TASK STATEMENT ->
Restate word for word the lines below, from the one containing "3GNAXHEV4LS500251 2020 CHEVROLET EQUINOX-2" through the final line, with no pictures included.

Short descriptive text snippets
===============

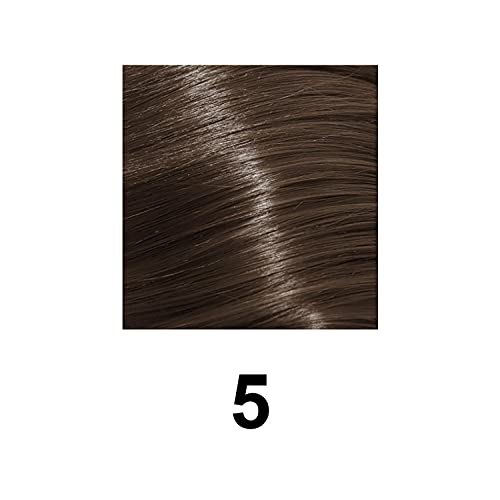 Loreal Majirel 5 Light Brown Hair Colour / Tint 50ml Tube by Majirel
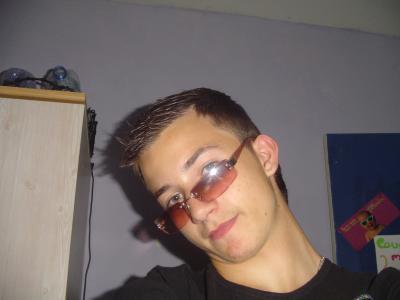 Paul mon frère que j'aime + que tout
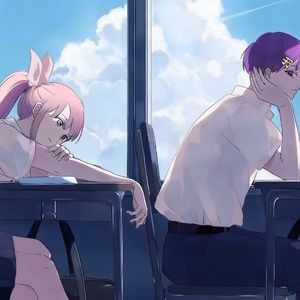 『好きだから。』／因为喜欢你。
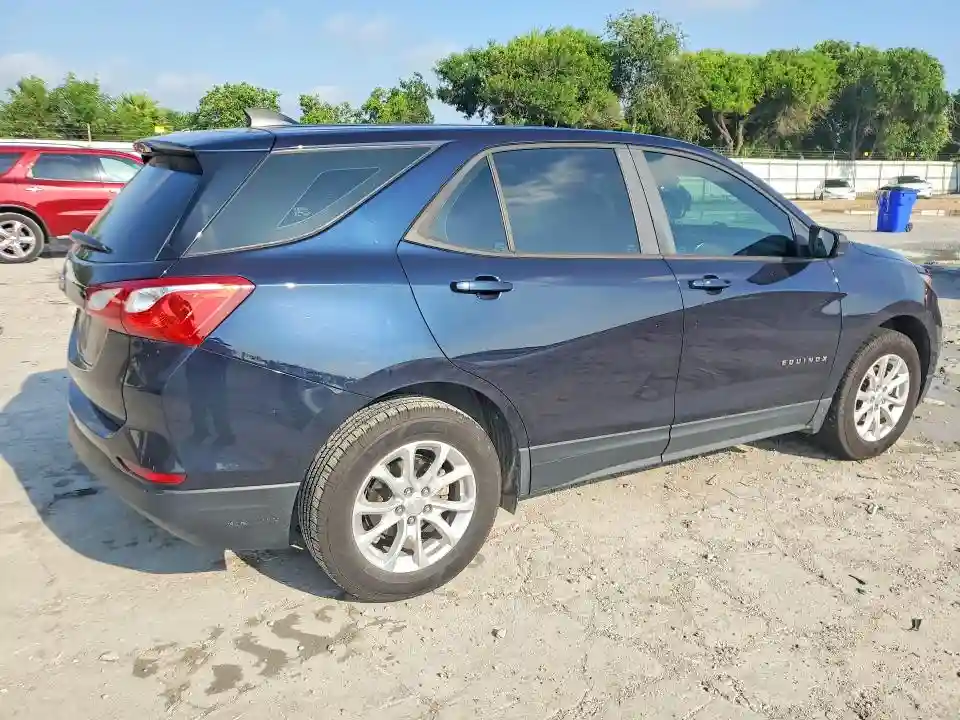 3GNAXHEV4LS500251 2020 CHEVROLET EQUINOX-2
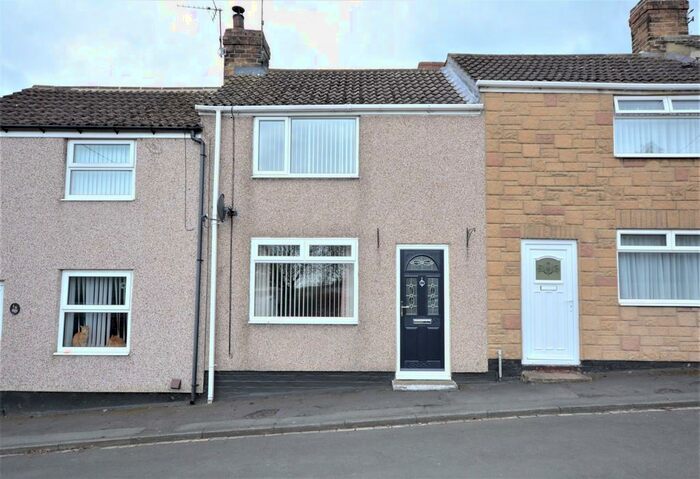 2 Bedroom Terraced House For Sale In Victoria Street, Willington, DL15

===============

RESPONSE TO THIS EXERCISE ->
 3GNAXHEV4LS500251 2020 CHEVROLET EQUINOX-2
 2 Bedroom Terraced House For Sale In Victoria Street, Willington, DL15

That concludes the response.